Bénéficiaire d’une bourse de l’État, Federge a quitté le pays en 2011 pour se rendre au Bénin. Pendant trois (3) ans, la jeune femme a fait des études en communication et journalisme avec l’idée de revenir servir son pays. D’ailleurs, retourner au pays lui était imposé comme à tous les autres boursiers. Mais, à sa grande surprise, l’État n’a, jusque là, manifesté aucun désir de l’intégrer dans l’administration publique.

Beaucoup auraient même pu rester dans leurs pays d’accueil et construire une carrière. C’est le cas par exemple de Fanfan Francilloux qui a trouvé un contrat dans une organisation béninoise. Ce jeune qui a étudié l’administration générale au Bénin était contraint par l’État haïtien de retourner en Haïti. Ce qu’il a fait le 29 décembre 2015. Mais depuis, le jeune vit dans le chômage sinon un stage dont il a bénéficié.

Au fait, après plusieurs mouvements de protestation organisés par ces cadres, notamment des sit-in de plusieurs jours à la primature en 2016, l’ex-Premier ministre Enex Jean-Charles a permis à 22 d’entre eux, via l’ORMH, de bénéficier des stages (non payés) dans plusieurs institutions publiques.

 Leurs rapports de probation positifs, ces jeunes attendent maintenant leur nomination et leur titularisation en fonction de leur niveau de formation.
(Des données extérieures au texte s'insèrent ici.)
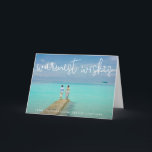 Eleganten Önskemål Beach Photo Jul Helgkort<br><div class="desc">Skicka ut helgdag med det här nautiska,  veckovisa julkortet med en enkel design med ord "varmaste önskemål" i ett tunt,  vitt skript med elegant,  tillsammans med ditt meddelande över vågräts favoritsemesterfoto. Lägg till ditt personliga meddelande i insidan eller ta bort texten om du vill lämna skriva till meddelandet.</div>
D’un autre côté, ils exigent à l’État haïtien de mettre en stage les autres jeunes qui restent, jusqu’à présent, sans rien faire.

Plusieurs correspondances ont été adressées à cet effet à l’actuel directeur général de l’Office de Management et des Ressources humaines (OMRH). Mais ils déplorent que l’ORMH ne leur ait jamais répondu. Après leur pétition, ces jeunes menacent d’entamer une nouvelle phase dans leur lutte en cas de dédain des autorités.